Eski bakanlardan Veysel Atasoy’ un MRSA etkeni nedeniyle beklenmedik kaybından sonra medyada bu konuda kısa sürelide olsa bir hareketlilik gözlendi.
Gazeteler boy boy yazdılar:
* “Etken, methisiline dirençli Staf Aureus”
* “Bulunduğu yerler: Hastanelerimiz”
Genelde sağlık ile ilgili olumsuz haberler, medyamızın pek rağbet ettiği ve reyting getiren haberlerdir. Bilir bilmez, konunun uzmanı olsun olmasın herkes ağzına geldiği gibi konuşur. Ancak kendileri hastalandığında, yine gidecekleri yerler ülkemizin sağlık kuruluşlarıdır. Acımasızca eleştirdikleri, kötülemekte en ufak bir beis görmeyenler, yine kendi hastanelerimizden ve sağlık çalışanlarından yardım umarlar.
Hepimiz sağlık takımının elemanları olarak, bir yerde sağlığın neferleriyiz.

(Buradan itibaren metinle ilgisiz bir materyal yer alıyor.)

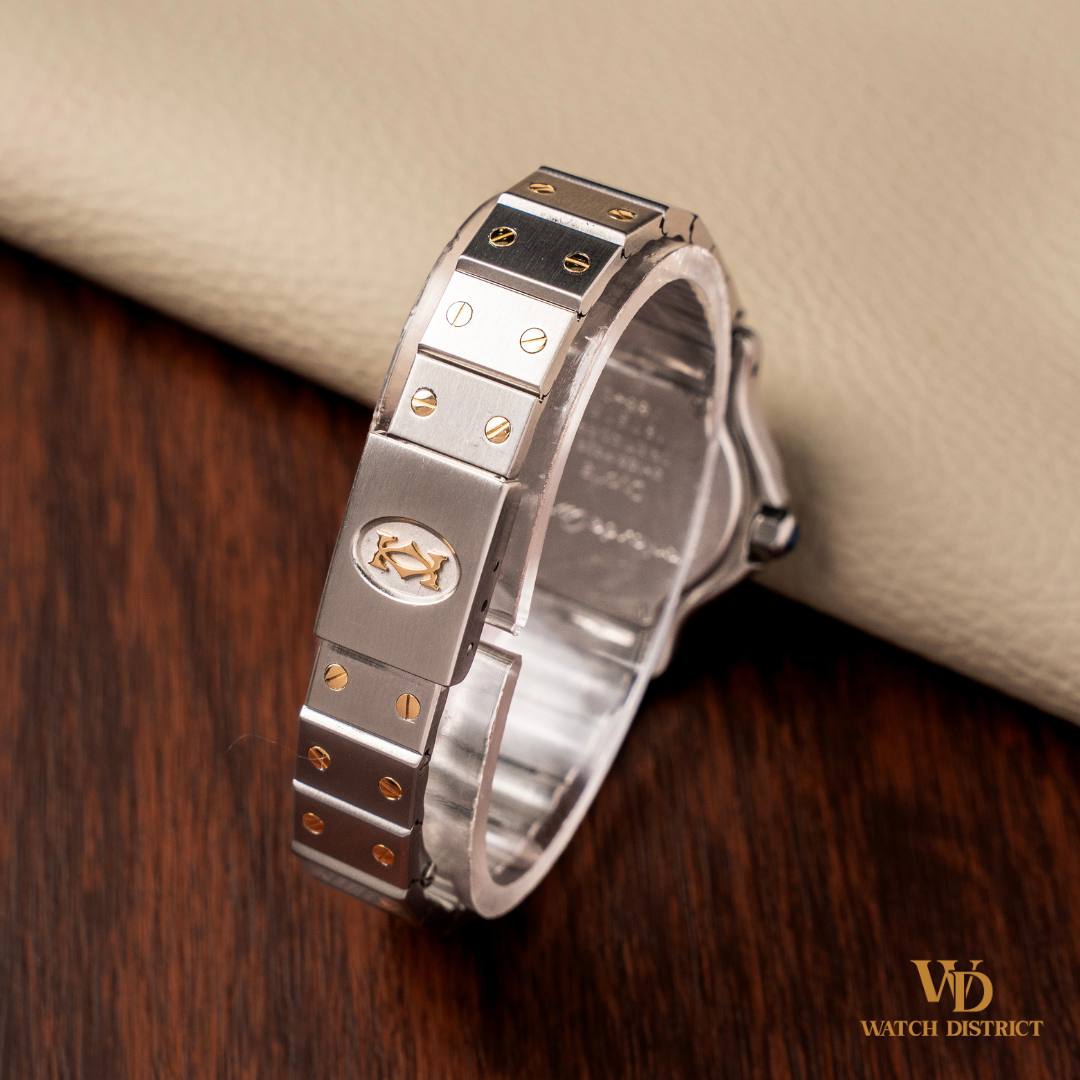 Cartier Santos Octagon 187903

Hipokrat yemini etmişiz, hakkımızda iyide söyleseler kötüde söyleseler bizden sağlık hizmeti isteyen kerkese yardım eli uzatmak en önemli görevimizdir.
Olayın kendi hastanemdeki gelişimini göğüs cerrahisinden meslektaşlarıma sordum. Edindiğim bilgileri aktarıyorum:
“Sayın Atasoy, rahatsızlığı nedeniyle Gazi Hastanesi’ne başvuruyor, kendisinden 7 Haziran’da plevral biopsi alınıyor, 19 Haziran’da göğüs tüpü çekiliyor, 21 Haziran’da taburcu oluyor. Kontrol için hastaneye geldiği, 23 Haziran’da alınan yara yeri kültürü sonucu 25 Haziran’da çıkıyor ve MRSA etkenli enfeksiyon tespit ediliyor. Ancak hasta o esnada zaten başka bir hastanede yatmaktadır. Oradaki doktoruna tetkik sonucu iletilerek, mikroorganizmanın hassas olduğu beş antibiyotik anında rapor ediliyor.
25 Haziran’dan durumunu ciddi olduğu ve Ankara Üniversitesi Tıp Fakültesi’nde yoğun bakıma alındığı haberinin verildiği 13 Ağustos tarihine kadar, hangi sağlık kuruluşlarında ve nasıl bir tedavi sürecinden geçtiği hakkında belirgin bir bilgi olmamasına karşılık, olay nedeniyle sadece, Gazi Üniversitesi Tıp Fakültesi Göğüs Cerrahisi Kliniği suçlanıyor.”
Aradan geçen bir buçuk aylık süre içinde, hasta hangi hastanelerde, ve nasıl tedavi edilmiştir? Dosyasındaki, günlük order kağıtları, doktor ve hemşire gözlem belgeleri, ateş çizelgeleri, kullanılan antibiyotikler, yapılan kültürlerin sonuçlarıyla ilgili veri ve dökümanlar tek tek incelenmeden, 18 yıllık bir çalışanı olduğum Gazi Üniversitesi Tıp Fakültesi gibi güzide bir sağlık kurumunun suçlanmasını doğru bulmuyorum.
Normalde, kaybedilen her vaka sonrasında, vaka mortalite toplantısında ele alınır. Tanı, uygulanan tıbbi ve cerrahi yöntemler, ek patolojilerin varılığı, oluşan komplikasyonlar, hastanın tedaviye olan yanıtı sırasıyla tartışılır. Adli vakalarda otopsi sonuçları özellikle değerlendirilir.
Günümüzde dahi hastane enfeksiyonları maalesef hiçbir hastanede sıfırlanamamıştır. Bunu sağlamak için hastanelerin tamamını, hasta olsun ya da olmasın hastanelere her geleni sterilizatöre sokmak gerekir ki bu olası değildir. Sağlık kurumları topluma hizmet veren kurumlardır. Doğal olarak, tıbbi ve cerrahi işlemlerde kullanılan malzemeler sterilize ediliyor. Bunlara ilişkin göstergeler devamlı kontrol edilir. Hastalarımızı, ve ziyaretçilerini, sterilize etmek olanağına sahip değiliz.
Hal böyleyken ve konunun uzmanları bir tarafta dururken, idareci konumda bulunan bazı meslektaşlarımızın, başka bir sağlık kuruluşunu acımasızca suçlamaları hiç de hoş değildir. Üstüne üstlük, sağlıkla uzaktan yakından hiç ilgisi bulunmayanların bilir bilmez ahkam kesmeleri affedilir şeyler değildir.